Zebralight SC52w - I sometimes EDC this light. Or I take it along with a quad of Duracell Ion Cores if I think I might be taking that surprise night hike. No, it's not as bright as the Maelstrom. But it's certainly not bad. And four AA batteries will net me about three hours of use at full brightness. Plus, there are tons of other modes if i need less light. It also has a nice, diffuse, floody beam. And it's so small and light that I barely notice it's there.

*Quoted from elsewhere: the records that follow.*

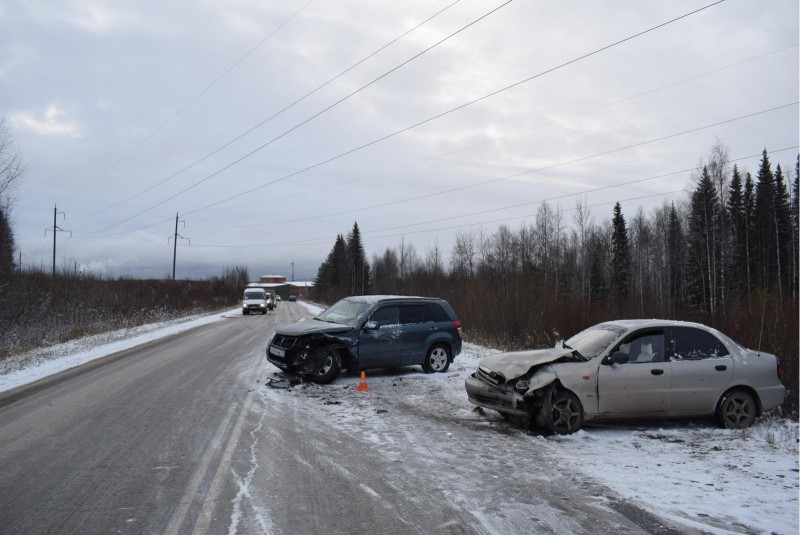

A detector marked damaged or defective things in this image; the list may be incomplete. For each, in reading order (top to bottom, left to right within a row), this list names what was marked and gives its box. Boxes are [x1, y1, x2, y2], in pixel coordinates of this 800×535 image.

crumpled hood [276, 318, 352, 336]
damaged suv [268, 296, 462, 384]
damaged sedan [268, 296, 462, 384]
crumpled hood [478, 348, 572, 382]
damaged sedan [466, 320, 784, 434]
damaged suv [466, 320, 784, 434]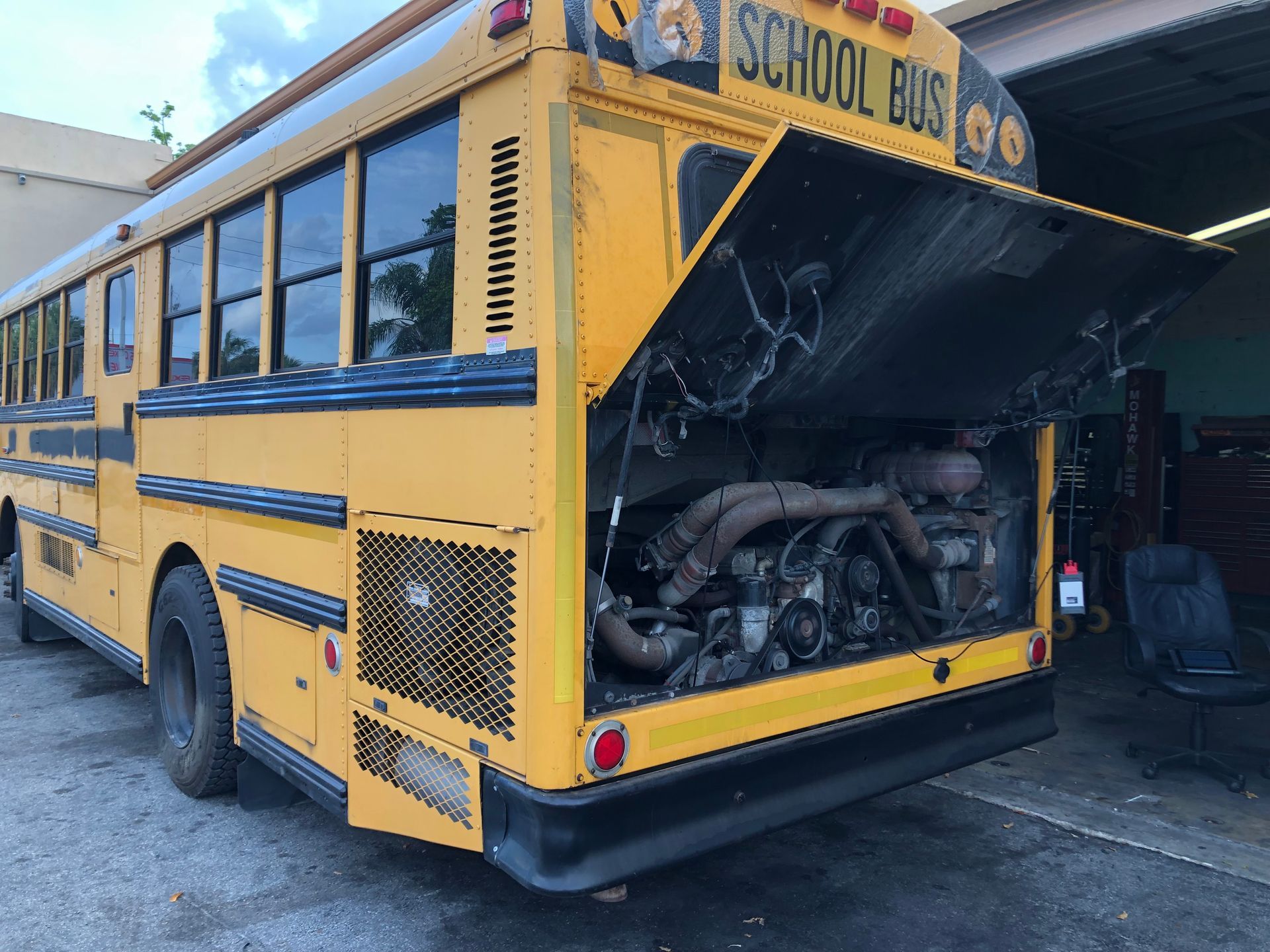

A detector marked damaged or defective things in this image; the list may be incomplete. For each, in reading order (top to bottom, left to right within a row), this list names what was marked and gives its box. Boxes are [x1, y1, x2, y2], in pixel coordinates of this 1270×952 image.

rusty exhaust manifold [659, 487, 968, 606]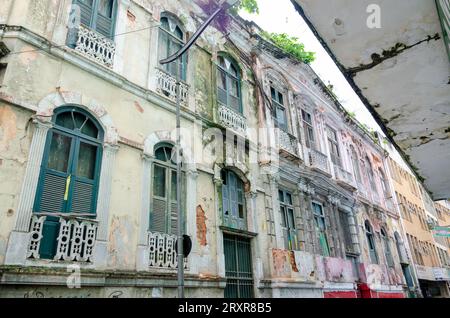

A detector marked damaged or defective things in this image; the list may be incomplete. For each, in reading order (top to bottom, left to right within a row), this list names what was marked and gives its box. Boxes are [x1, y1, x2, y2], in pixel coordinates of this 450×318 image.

peeling plaster wall [296, 0, 450, 199]
crack in wall [348, 33, 440, 76]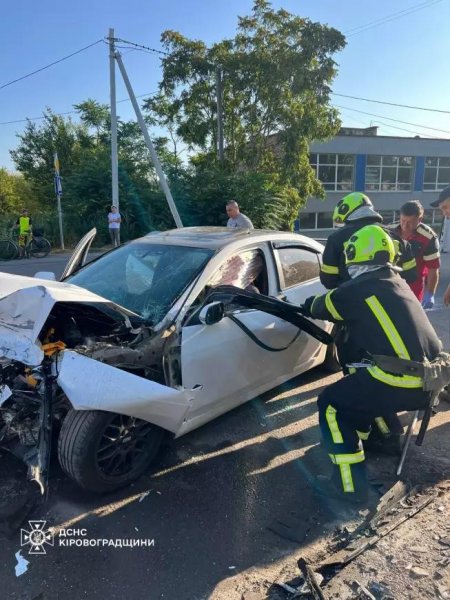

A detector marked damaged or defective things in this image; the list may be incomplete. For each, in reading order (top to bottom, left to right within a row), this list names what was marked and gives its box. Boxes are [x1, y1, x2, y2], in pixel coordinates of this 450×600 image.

white car hood crumpled [0, 272, 128, 366]
shattered windshield [67, 241, 214, 324]
white damaged car [0, 227, 336, 494]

Malkoff XM-L2 Mags - I actually have two of these, a 3C and 3D. And although many here would dismiss them as overly large and archaic, they certainly have their merits. The 3D, for instance, produces around 600-700 lumens for an INSANE 5-6 hours, depending on the batteries (Tenergy Premium or Centura). And the 3C just feels RIGHT in my hand. You also get that great, consistent NiMH performance - there is practically no dimming of the light until it is dead. If I am going car camping, these lights are simply awesome!


----------



## kj75 (Jun 23, 2014)

Waiting for "shorter" days....:sigh: 
Actually I only use some headlamps while reading in bed after 23:00...Mostly I use the HC90 or Wizard Pro.


----------



## kj2 (Jun 23, 2014)

kj75 said:


> Actually I only use some headlamps while reading in bed after 23:00...Mostly I use the HC90 or Wizard Pro.


On max? xD


----------



## Str8stroke (Jun 23, 2014)

Well like many of you fine folks, I have a plethora of flashlights & lighting instruments. I am going to name the top three I use out of the bunch. But, all get played with at some point.
1) Eagle Tac D25vn. So much so, I got 2 of his lights! So I have twins.
2) Surefire E1D, retired my lego version
3) Fraz 26650. Cant say enough about this light. It does everything perfectly. Built like a tank. Its my do everything light. Only thing it needs is add a lanyard.


----------



## kj75 (Jun 23, 2014)

kj2 said:


> On max? xD





No. Because of their good low-modes. Still waiting for a "moonlight" Fenix.....


----------



## hyperloop (Jun 23, 2014)

Wow, beautiful lights the EagleTac D25 vn, it looks like a Nitecore doesnt it?


----------



## LGT (Jun 23, 2014)

HDS 200 tactical or rotary for pocket carry, ZL H600 nw on my hardhat, and a Armytek barracuda when I need some throw.


----------



## hyperloop (Jun 26, 2014)

the Olight ST25 came today, man it is bright, the side button is a nice touch. Chucked it in the bag and it turned itself on (yes, i read the manual AFTER that incident and read how to lock out the button), the light does get pretty warm on max though.


----------



## vicv (Jun 26, 2014)

Solarforce l1200. 1k or so of incan bliss. I use it nightly to go out after dark and put my chickens inside. Overkill really but I can see a couple hundred yards in front of me if necessary and my feet and both sides is all lit up as well


----------



## hyperloop (Jun 27, 2014)

1k of incan? Man, better make sure you don't accidentally roast a few birds haha, its a great overkill man

Sent from my Poseidon using Candlepowerforums mobile app


----------



## vicv (Jun 27, 2014)

Thanks. I have brighter incans but I really like the beam the wa1185 bulb gives


----------



## hyperloop (Jul 2, 2014)

Lately, I have been acquiring items, an Olight ST25 is about the only flashlight i got, then I got myself these Lucky Line - Belt Loops, then after that I decided I needed a pocketable multitool and living in Singapore means knives are a no-no, so get the Leatherman PS but then i got to thinking a knife is a useful tool so I got me a Cold Steel Mini Tuff Lite knife.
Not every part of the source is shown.